● **Records shown**
* * *
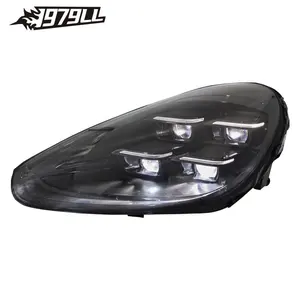 [1979ll]Plug and play car lights 2015-2017 92A headlights upgrade to 2024 style led headlight for Porsche Cayenne 958 958.2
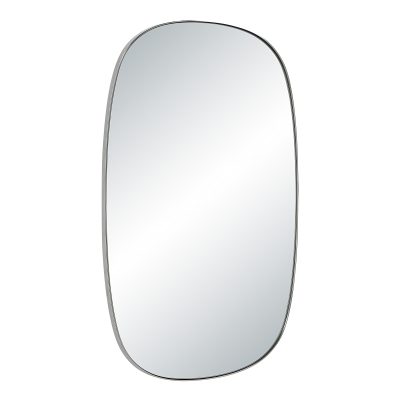 Alternative view of Talco 36" H x 24" W Wall Mirror, Silver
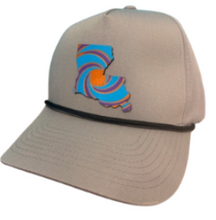 Load image into Gallery viewer, Louisiana Swirl Hat
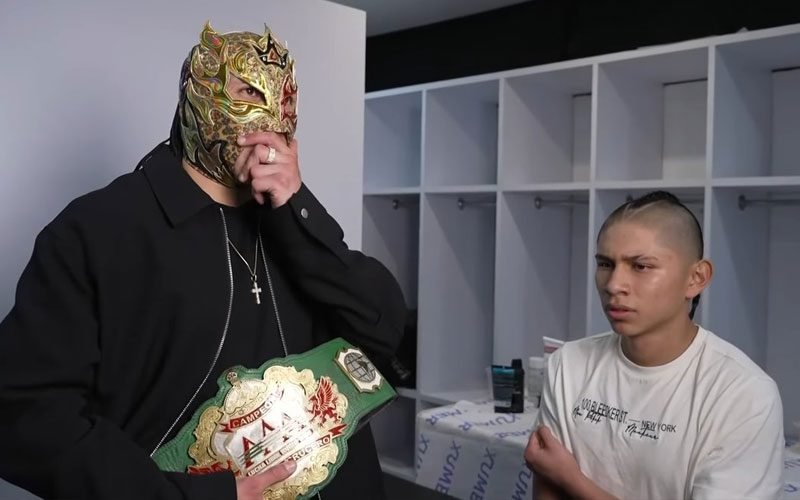 Mini Vikingo Reveals He Needs Surgery After Injury on WWE NXT Mini Vikingo Reveals He Needs Surgery After Injury on WWE NXT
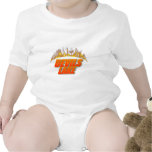 Devils Lake Fire Baby Bodysuit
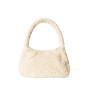 Winter Fashion Outdoor Fluffy Faux Fur Bag For Women Ladies Cute Underarm Bag Handbag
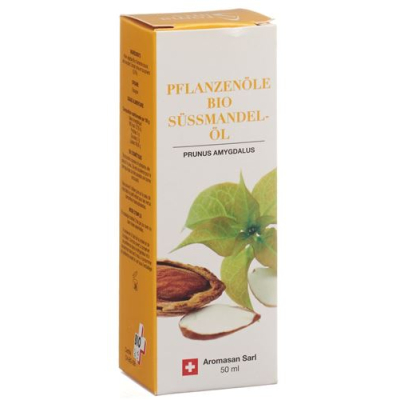 Aromasan sød mandelolie 50 ml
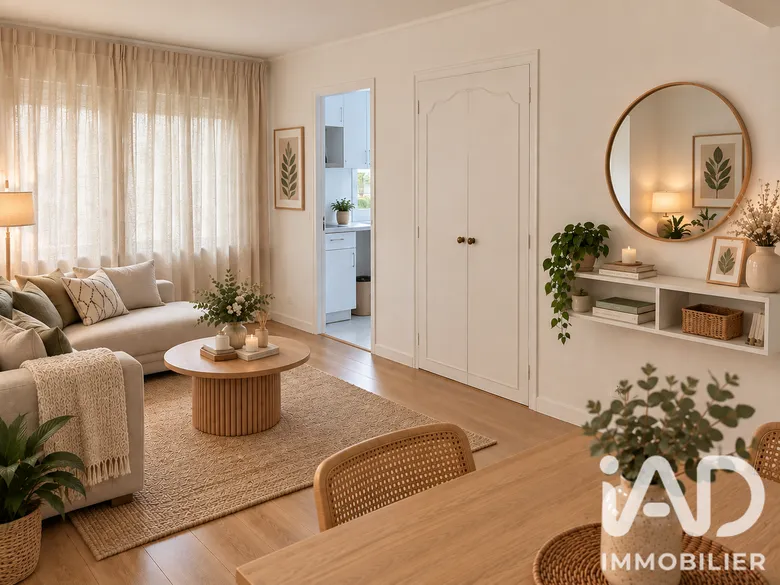 Appartement 3 pièces 52 m² · à Bagneux · 51,7 m² · 230 000 €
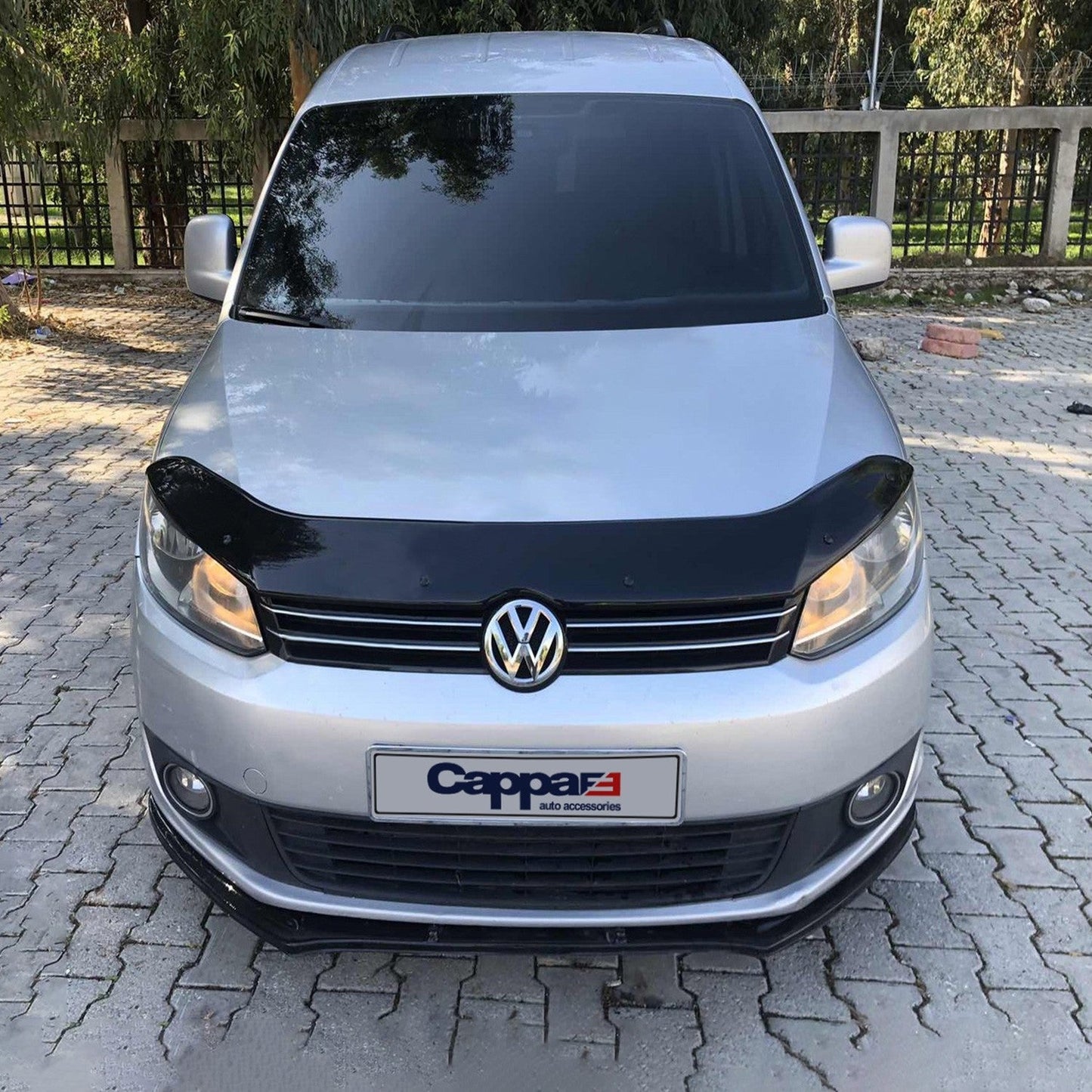 Volkswagen Caddy 2010 - 2015 Bonnet Deflector 3mm
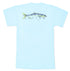 Coastal Cotton Amber Jack T-Shirt - Sky Blue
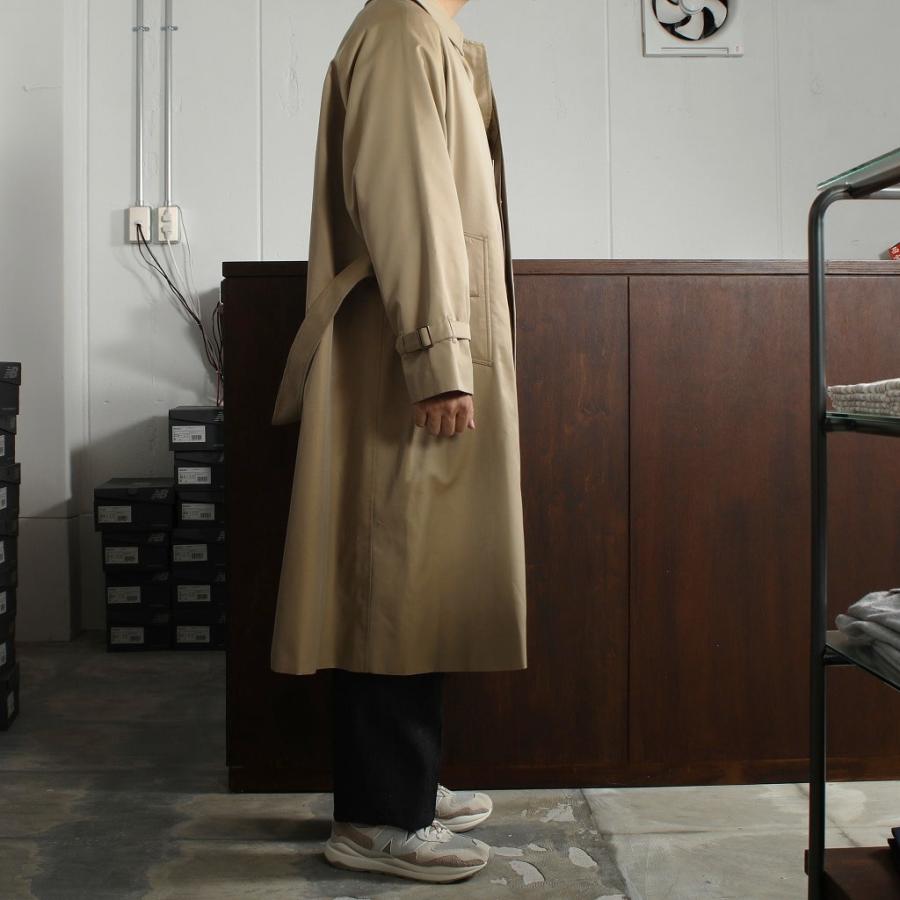 GYMPHLEX（ジムフレックス） バルマカーンコート ベルテッド ラグラン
* * *
● **Prompt**
Pictures are not part of the answer, which must be the exact lines from the one holding "Aromasan sød mandelolie 50 ml" through the end of the material, both ends included.

● **Response to this task**
 Aromasan sød mandelolie 50 ml
 Appartement 3 pièces 52 m² · à Bagneux · 51,7 m² · 230 000 €
 Volkswagen Caddy 2010 - 2015 Bonnet Deflector 3mm
 Coastal Cotton Amber Jack T-Shirt - Sky Blue
 GYMPHLEX（ジムフレックス） バルマカーンコート ベルテッド ラグラン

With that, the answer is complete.